The new planter replaces one that Nielsen recalls using decades ago, as an NCTA student of his mentor and Ag Mechanics instructor Gary Wach.
“I told Dr. Ramsdale a couple years ago that NCTA needed a new planter in order to attract students to the college,” Nielsen shares.
“So, when Brad called and said he had some grant money to build a planter, I said that’s enough to do what I think you need.”
Nielson, who also graduated in 2001 in agricultural science from the University of Nebraska-Lincoln with a minor in agronomy and ag business, said he immediately got busy acquiring components.
“A lot of suppliers wanted to donate things,” Nielsen said. He was able to find many donated components or lock in significant discounts.
Components came rolling in such as the tool bar and gauge wheels, back closing and fertilizer system, meters, brackets, top units, row cleaners, hydraulic cylinders, labor and much more.
After he was able to get into the fields in early May, Professor Ramsdale quickly learned the “bells and whistles” of new technology for the Delta Force V Drive system, supplying hydraulic downforce and independent row control for correct seed placement.
The technology is ideal for teaching in real-time or building long-term archives, Nielsen.
“His students could be in the classroom and he could stream that planter as he plants. All of his maps and so forth they could put up into the Cloud for later use,” he said.
Nielsen estimates it is at least a $50,000 planter. A federal Perkins fund grant of $9,000 kick-started the project.
“The reason I did it was I had been out there at the campus farm with Brad,” Nielsen said.
“I knew what my business’ capability was for this planter, and I knew what a great school it is, and was from when I was there in the late 90.”

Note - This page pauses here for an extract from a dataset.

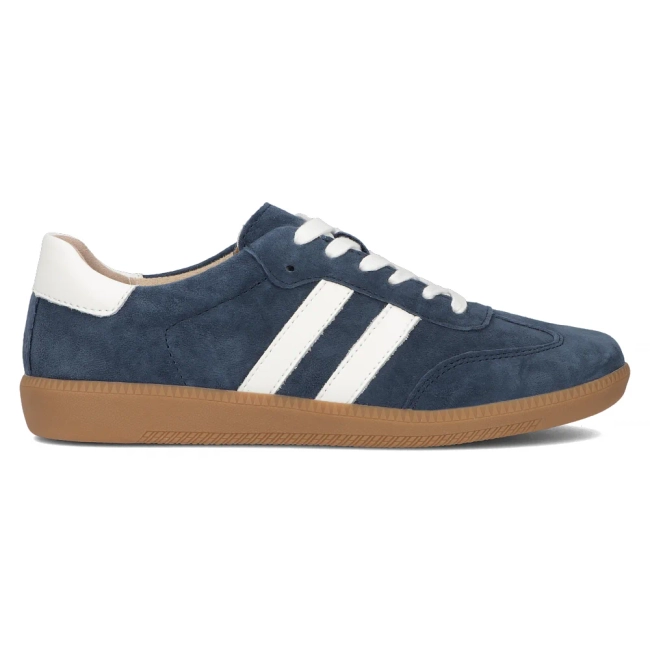 Leather sneakers Filippo DP6741/25 NV navy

A full listing of component donations, in-kind services and monetary gifts is still underway. More resources and equipment can further add to the college’s diversified agriculture and agronomy courses, Nielsen said.
“I just wanted to enhance what these kids are doing, and learning on, at the college,” Nielsen emphasized. “That is the type of planter they will see out in the industry now. It will be a great for recruiting.”